Working on that little rings quiltlet was just a ploy to avoid facing my wine-dark seas quilts - one that backfired on me, if you hadn't noticed! Since posting the fabric here and announcing this was the next one up, it immediately started to intimidate me. First I looked through the dozens of pictures I took looking for just the right mast reflections to use as patterns. Suddenly, nothing looked as I remembered - intimidation one. I finally settled on three images and spent quite a bit of time using different methods to isolate the reflections with as little background as possible - to save ink when I printed them out. This did not go as smoothly as it has in the past - intimidation two. But I finally decided I just needed to print something out. Looking at those thin squiggly lines on the computer monitor was unnerving me (I didn't remember them being that thin), so printing them enlarged to full pattern size should settle me down. Ack! They were still thin and unnerving - intimidation three. So they were set aside while I worked on something else.

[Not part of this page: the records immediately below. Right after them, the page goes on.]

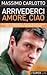 Arrivederci amore, ciao by Massimo Carlotto
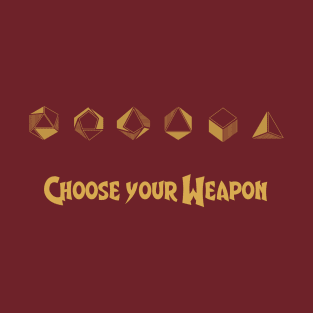 Choose your Weapon T-Shirt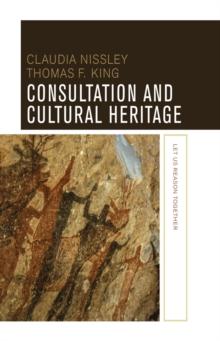 Consultation and Cultural Heritage : Let Us Reason Together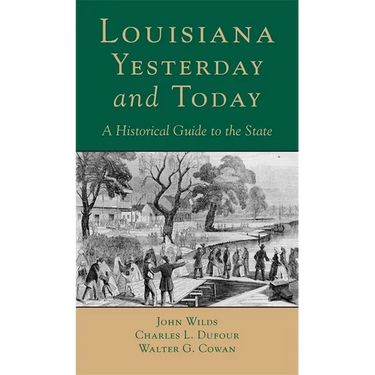 Louisana, Yesterday and Today: A Historical Guide to the State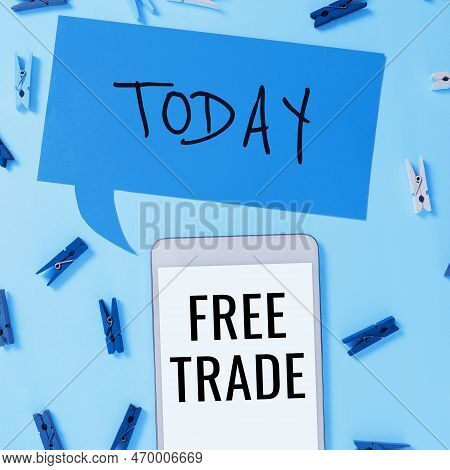 Text Showing Inspiration Free Trade. Concept Meaning The Ability To Buy And Sell On Your Own Terms A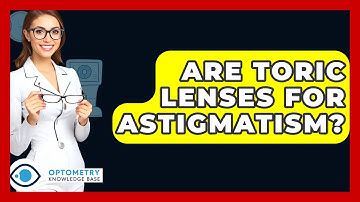 Are Toric Lenses For Astigmatism? - Optometry Knowledge Base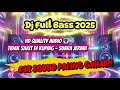 💥 DJ Cek Sound Full Bass 2025– Tes Sound Paling Jernih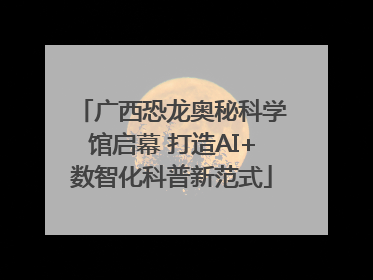 广西恐龙奥秘科学馆启幕 打造AI+数智化科普新范式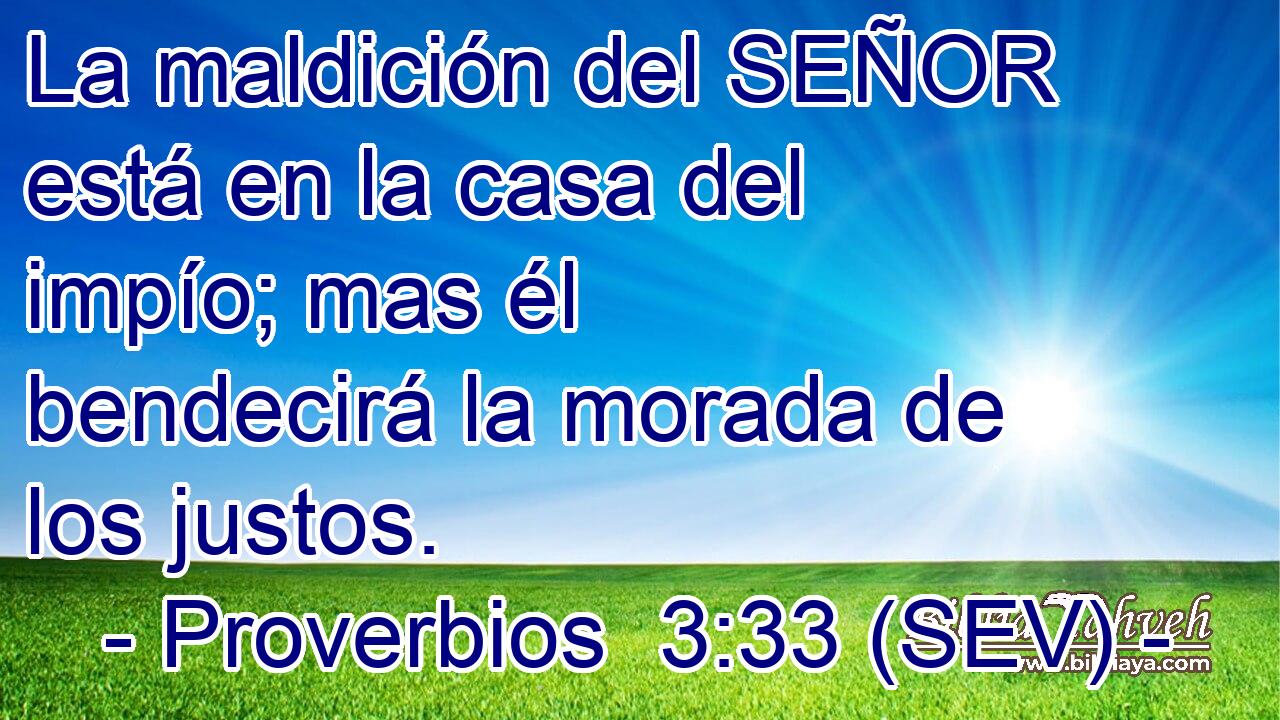 La maldición del SEÑOR está en la casa del impío; mas él bendecirá la morada de los justos.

But I am running out of time if I want these two done for my ArtWalk exhibit, so today was the day I simply told myself to just start, and trust that my idea would work. I settled on a pair of reflections, flipped over the printout and traced around the shapes so that I would have a reverse image to trace onto fusible web. I found the tracing calming, and even though that little voice in my head kept whispering, "What were you thinking? Are you sure the proportions are right? Is this really the set you had in mind?", now that I was actually working with the pattern, I could see this was going to work.
I'm using Steam-a-Seam II for my fusible and traced my pattern pieces without having to use a light table. Each piece is numbered per the numbering on my master pattern. Some of them are uber small. Trying not to hyperventilate here...
Long long time ago, I cut similar fusible web-backed narrow pieces, following a vine pattern on a fabric. I was reminded of that as I made my first cut, reassuring myself I hadn't totally lost my mind. The quilt intimidation was finally under control as I arranged the first squiggly piece on this fabric hand-dyed by my late friend, Judi. I'm using a Kona cotton which is a little heavier weave than some quilting cotton. I found the ease with which I could see the weave a godsend as I arranged those wild and stretchy pieces, easing them into place by keeping the weave straight across.
A second reflection has since been cut out and arranged on the left side of the fabric since the picture above was taken. It had the smallest pieces, but I managed to cut them all and get them placed. The tackiness of the Steam-a-Seam II is another godsend when working like this. I kept checking placement with my master pattern, pulling up a piece not quite in place and pressing it back into position with a finger, all while working on my design wall. I have a few more mere dots to add and I think this will be ready for the final fuse and quilting. It's so nice when the main fabric does so much of the work for me.